A un cri aussi saisissant que celui du 21 avril 2002, le président de la République répond par le mépris démocratique. M. de Villepin est probablement un être supérieur, mais il ne connaît nullement la France qu'il prétend diriger. Il a le profil du collaborateur gratifié par la faveur du prince. Cette nomination est la signature d'un régime en chute libre. Plus jamais la gauche ne pourra se présenter à des élections en prétendant gouverner dans un système politique aussi profondément contaminé par le discrédit. Elle n'aura pas d'autre choix que de mettre dans le bagage de l'alternance le projet de construire, avec les Français, la VIe République.

Partisan du non, votre courant NPS s'est tenu en réserve pendant la campagne...
C'était une attitude de sagesse dans cette période de déchirement, même si, je le concède, cela n'a pas toujours été facile. Nous avons conservé et expliqué nos convictions tout en respectant celles des autres socialistes.

Vous opposerez-vous à des sanctions contre ceux qui n'ont pas respecté la ligne du parti ?
Au lieu de se fermer comme une huître, la direction du PS ferait mieux d'écouter le bruit de la mer et de la houle qui a déferlé aussi sur elle. Nous nous opposerons à toute forme de sanction ou de règlement de comptes. Les socialistes doivent chercher les voies de la réconciliation en se tendant la main. Rien ne serait pire, après que deux électeurs de gauche sur trois ont rejeté la Constitution, que de sanctionner ceux qui ont eu raison devant le verdict démocratique. Les militants ont la responsabilité de réconcilier les 58 % de oui du parti avec les 55 % de non du pays. Pour combler ce décalage, il faudra un peu de temps et beaucoup de respect mutuel.

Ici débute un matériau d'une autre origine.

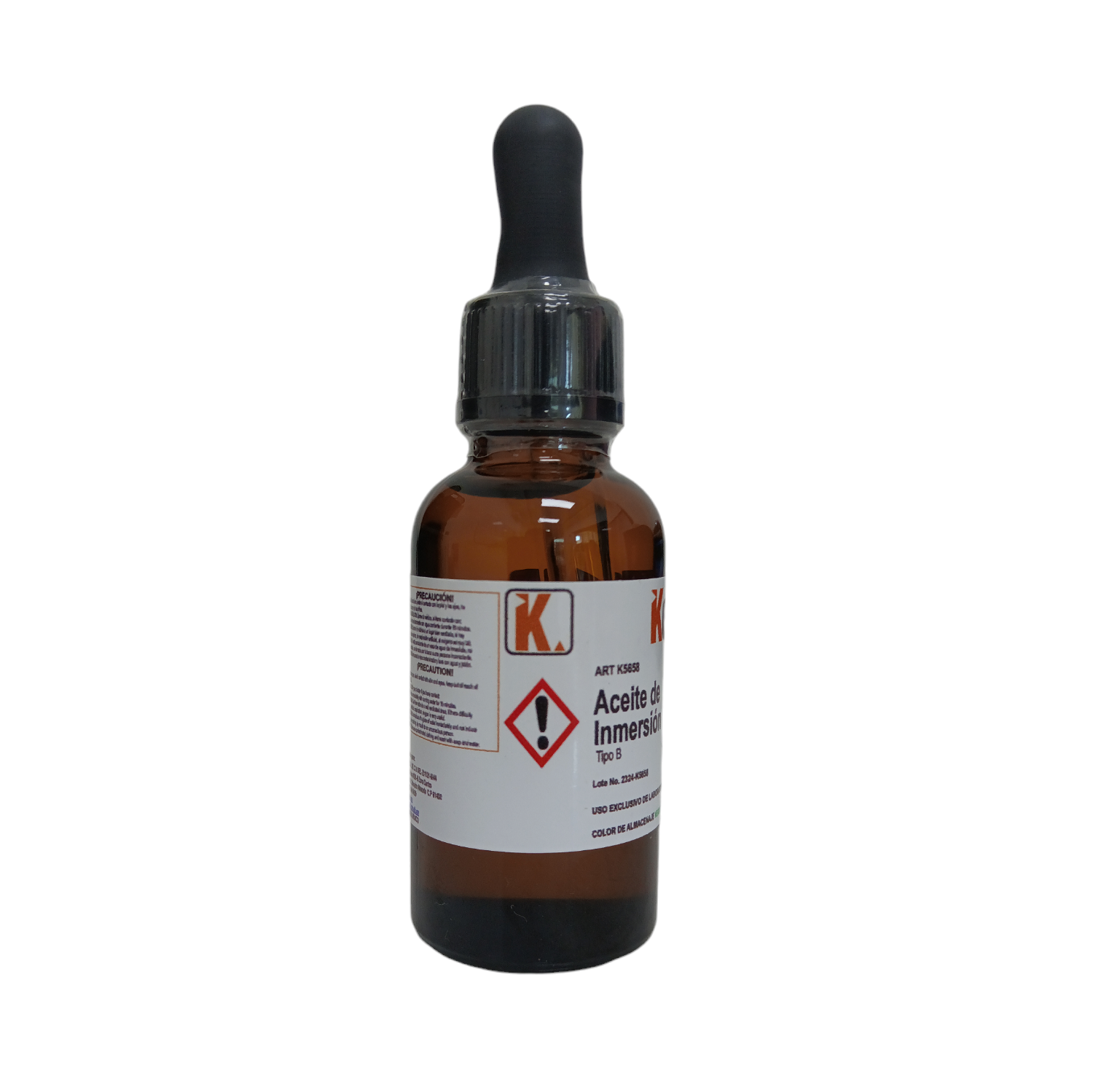 Aceite De Inmersión Tipo B, 30 Ml Kelve ID-3160534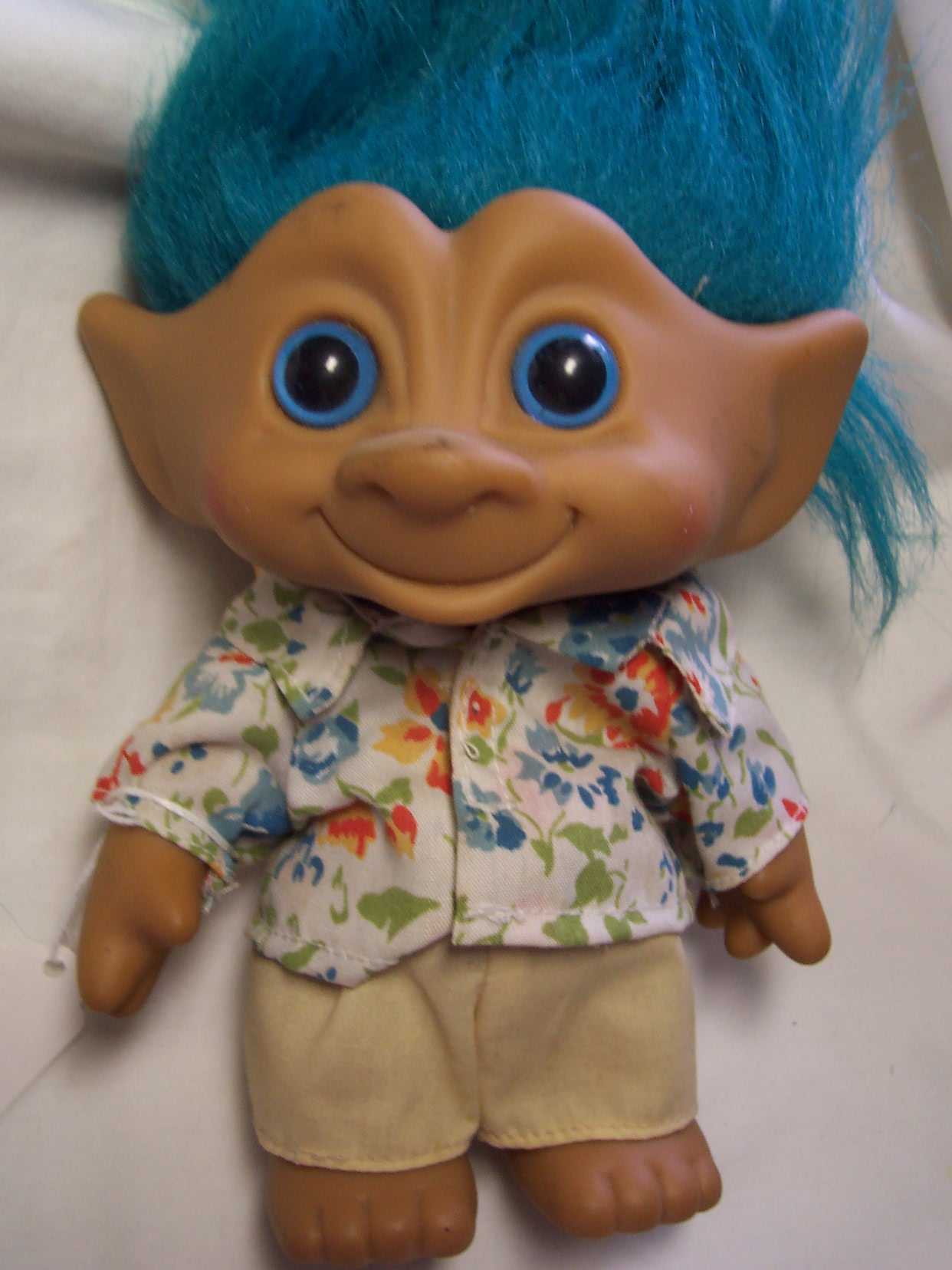 Boy Troll Ace Novelty Blue Hair 10 inch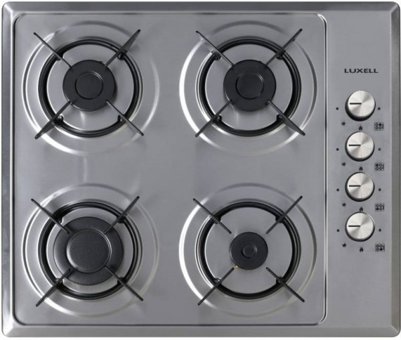 Luxell M6-40 BF INOX Inox 4 Gözlü Doğalgazlı Ankastre Inox Ocak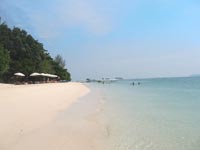 Koh Rang Yai - quiet and unspoiled beach
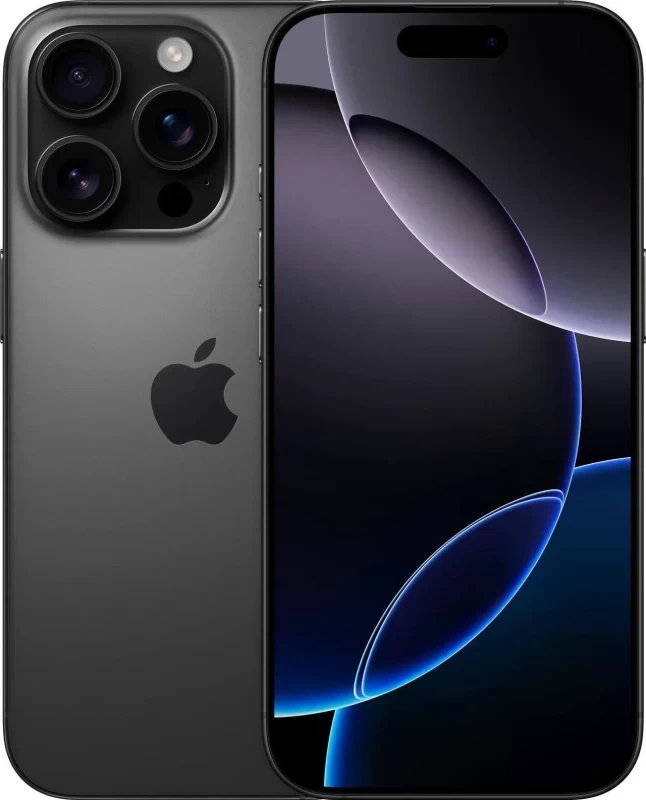 Apple iPhone 16 PRO 256GB, Unlocked Cell Phone, Black Titanium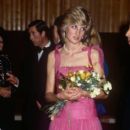 Princess Diana at a Barry Manilow concert at the Royal Festival Hall, London on October 6, 1983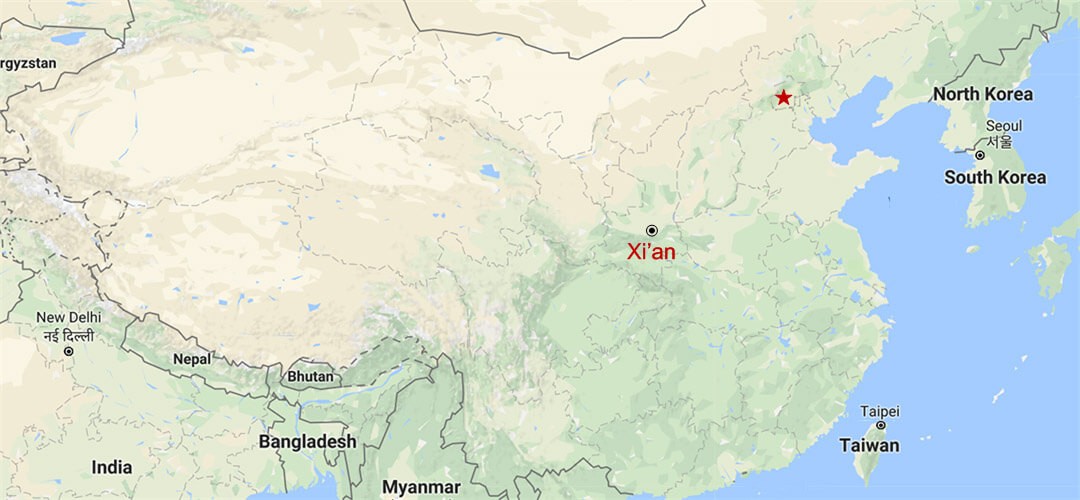 Xi'an en Un Día Map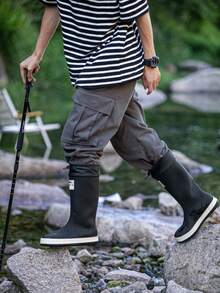 Elastic Cuff Unisex Rain Boots, High-Top Anti-Slip Fishing Waterproof Boots, Low-Top Waterproof Shoes For Men, Women, Students, Teenagers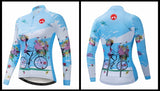 Pastelli Stroll Women's Long Sleeve Pro Team Cycling Jersey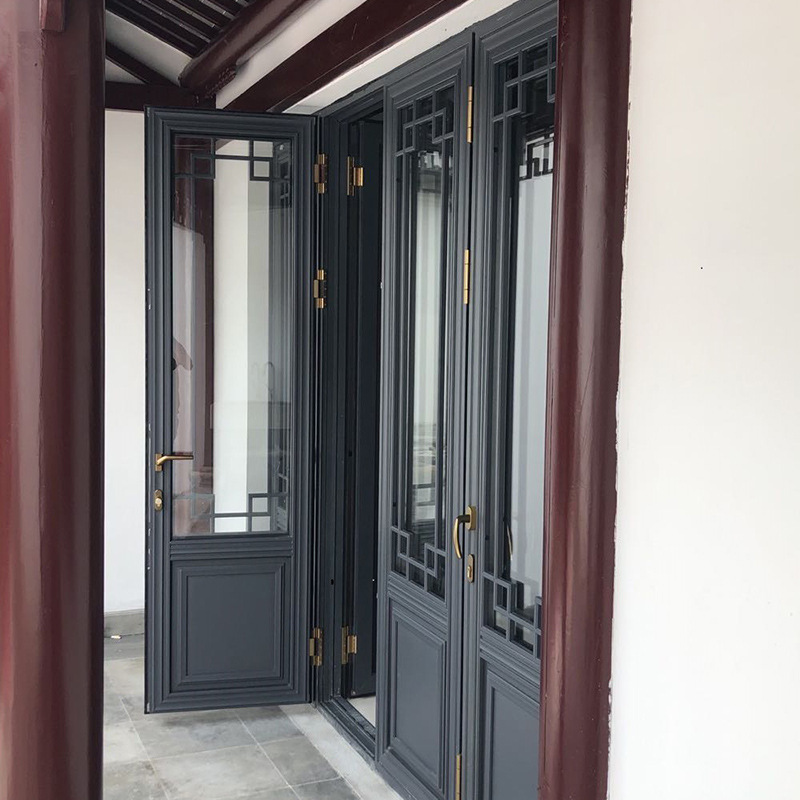 仿古门窗花格镂空隔断新中式门窗 别墅四合院庭院门窗可定制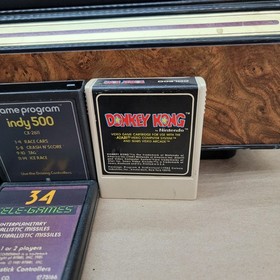 Atari Tele-Games  2600 Home Console W/ Controllers & Games  No Power Cable 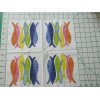 IHR Two Decorative Luncheon Napkins for Decoupage "Hand Stamped Fish"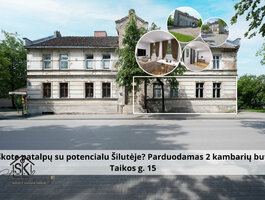 2 kambarių butas Šilutės rajono sav., Šilutėje, Taikos g.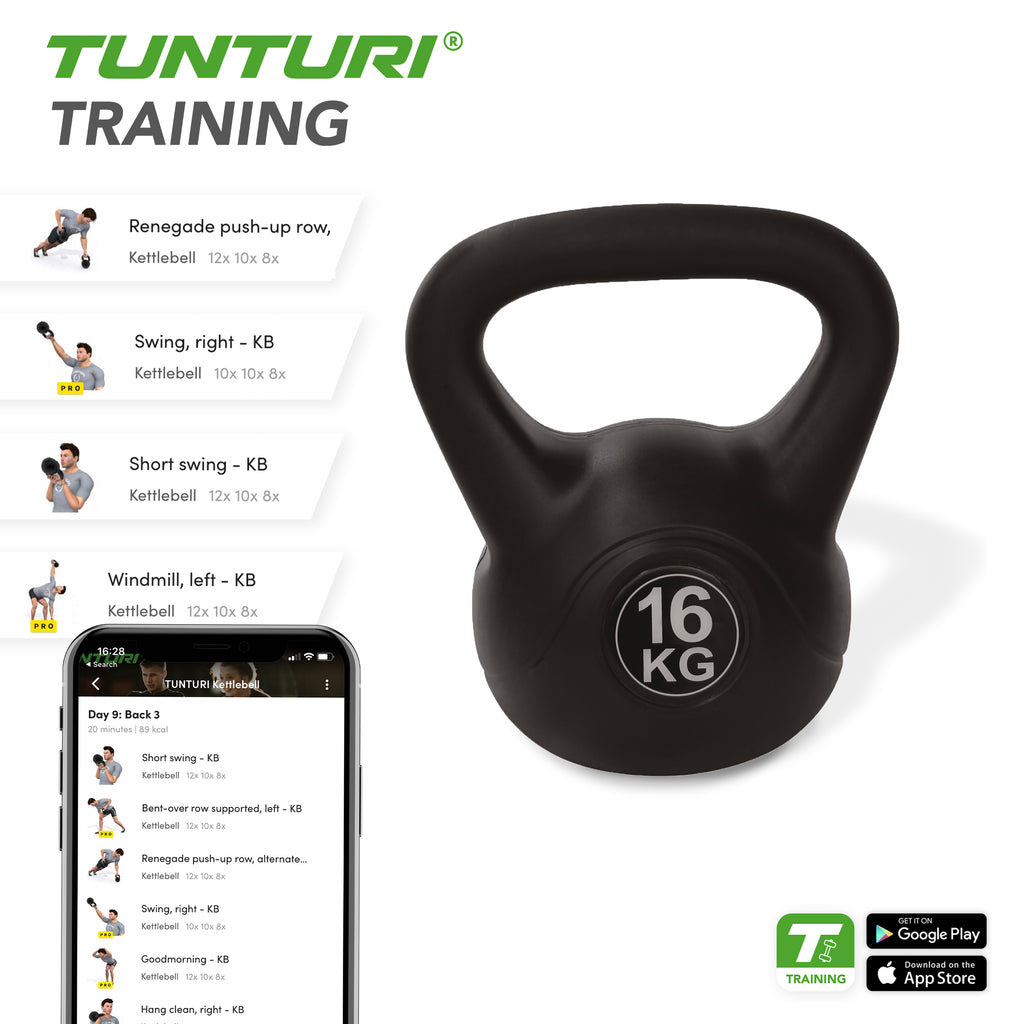 Tunturi PE Kettlebell 16kg afbeelding 4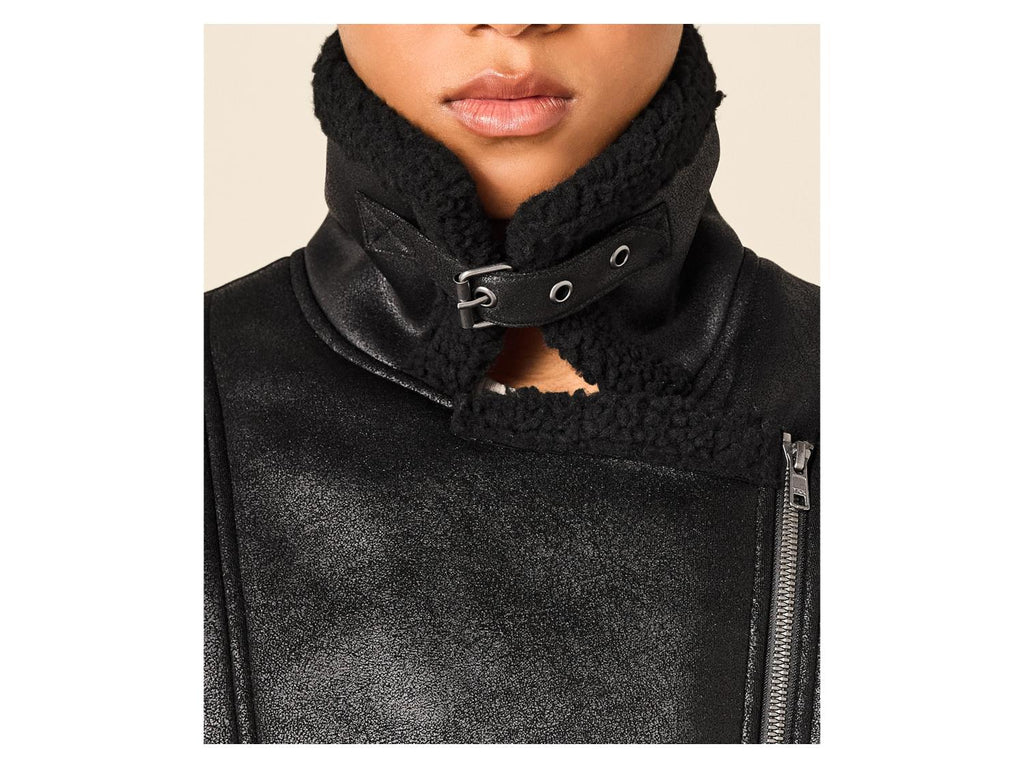 Blouson motard femme
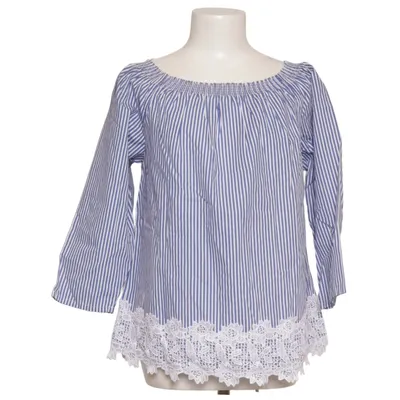 Top (Blauw, Wit) van Chelsea Rose NYC Katoen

Selon vous, la direction du PS s'est donc trompée ?
Depuis l'analyse du 21 avril 2002, qui a donné naissance à NPS, nous avons milité pour la rénovation profonde de notre parti, en l'ancrant à gauche plus sincèrement que dans le passé tout en modernisant sa doctrine, son projet et ses dirigeants.

Le congrès de Dijon, en 2003, fut un congrès de dupes et de conservation du pouvoir. Plutôt que de prendre la tête de cette rénovation, François Hollande l'a diabolisée et interdite. Aucune clarification n'est venue, contrairement aux promesses, aucun infléchissement n'a été enregistré par rapport à ce que le passé aurait dû nous apprendre. Pour couronner le tout, la majorité a volé en éclats à la première divergence. Aujourd'hui, nous n'avons pas de leader, pas de projet, nombre d'adhérents déchirent leur carte et le parti est au bord de la crise de nerfs. Le bilan est lourd.

François Hollande doit-il quitter la direction du PS ?
Les militants seront chargés de le dire quand ils seront interrogés à ce sujet.

Les non peuvent-ils construire une majorité alternative ?
Ils sont minoritaires dans le parti tandis que les électeurs du non sont ultramajoritaires dans le pays. C'est aux militants qu'il reviendra de combler ce fossé.

Avec Laurent Fabius ?
Toute alliance ne peut se traiter qu'à l'aune des orientations politiques qu'elle propose.